How do I most efficiently store and serve 1,000,000+ small gziped files on a Linux web server?
I have large static content that I have to deliver via a Linux-based webserver. It is a set of over one million small, gzip files. 90% of the files are less than 1K and the remaining files are at most 50K. In the future, this could grow to over 10 million gzip files.
Should I put this content in a file structure or should I consider putting all this content in a database?

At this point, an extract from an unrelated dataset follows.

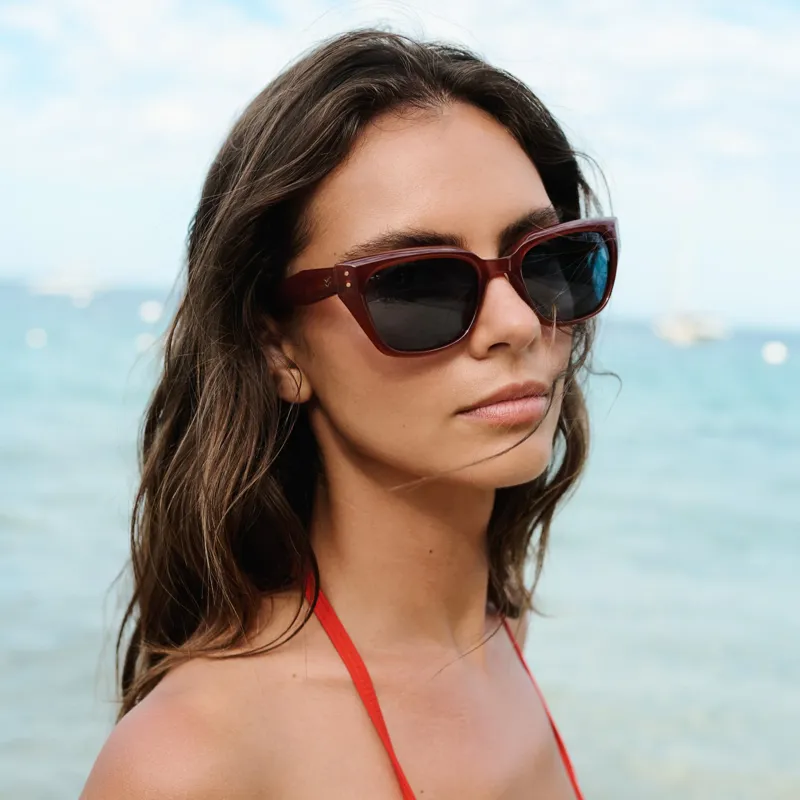 I-Sea Nova Women's Sunglasses in Ginger/Sky-2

If it is in a file structure, can I use large directories or should I consider smaller directories?
I was told a file structure would be faster for delivery, but on the other side, I know that the files will take a lot of space on the disk, since files blocks will be more than 1K.
What is the best strategy regarding delivery performance?
UPDATE
For the records, I have performed a test under Windows 7, with half-million files:
I would guess that a FS structure would be faster, but you will need a good directory structure to avoid having directories with a very large number of files.
I wouldn't worry too much about lost disk space. As an example, at 16K block size, you will loose 15GB of space in the worst case where you need one additional block for every single file. With todays disk sizes, that's nothing and you can adapt the parameters of your file system for your specific need.
If you choose the file structure option, one thing you can do to improve disk I/O performance at least to some degree is to mount the partition with noatime+nodiratime unless you must have them. They are not really important at all so I recommend doing that. Maybe you can also use a solid-state drive.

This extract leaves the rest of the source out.